#### PROBLEM REQUIREMENTS
Lines from the one with "Stradivarius Short faux" up to and including the one with "Rep. Kevin Brady, R-Texas, the" are to be copied exactly from the records below, without their pictures.

#### EXERCISE INPUT
= = = =

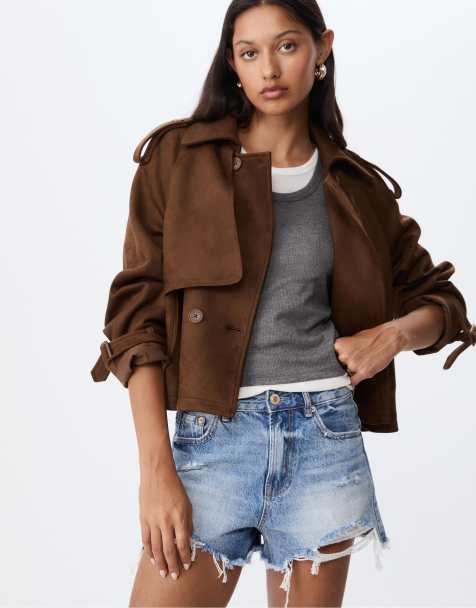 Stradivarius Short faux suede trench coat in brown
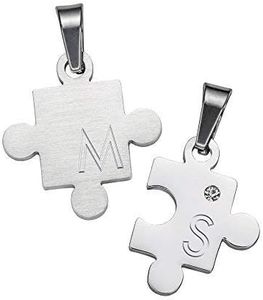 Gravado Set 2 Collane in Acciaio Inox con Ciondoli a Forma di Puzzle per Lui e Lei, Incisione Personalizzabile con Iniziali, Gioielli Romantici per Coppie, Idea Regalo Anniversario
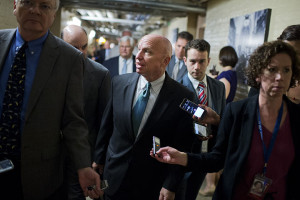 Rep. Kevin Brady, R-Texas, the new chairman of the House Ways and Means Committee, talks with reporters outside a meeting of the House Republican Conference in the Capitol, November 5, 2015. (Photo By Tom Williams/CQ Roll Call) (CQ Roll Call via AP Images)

= = = =

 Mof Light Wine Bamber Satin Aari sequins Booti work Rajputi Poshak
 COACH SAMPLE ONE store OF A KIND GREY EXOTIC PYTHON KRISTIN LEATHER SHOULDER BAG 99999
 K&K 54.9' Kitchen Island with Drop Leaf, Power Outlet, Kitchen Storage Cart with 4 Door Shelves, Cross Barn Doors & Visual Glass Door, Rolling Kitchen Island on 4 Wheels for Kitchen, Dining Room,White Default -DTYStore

= = = =

#### ANSWER AREA
 Stradivarius Short faux suede trench coat in brown
 Gravado Set 2 Collane in Acciaio Inox con Ciondoli a Forma di Puzzle per Lui e Lei, Incisione Personalizzabile con Iniziali, Gioielli Romantici per Coppie, Idea Regalo Anniversario
 Rep. Kevin Brady, R-Texas, the new chairman of the House Ways and Means Committee, talks with reporters outside a meeting of the House Republican Conference in the Capitol, November 5, 2015. (Photo By Tom Williams/CQ Roll Call) (CQ Roll Call via AP Images)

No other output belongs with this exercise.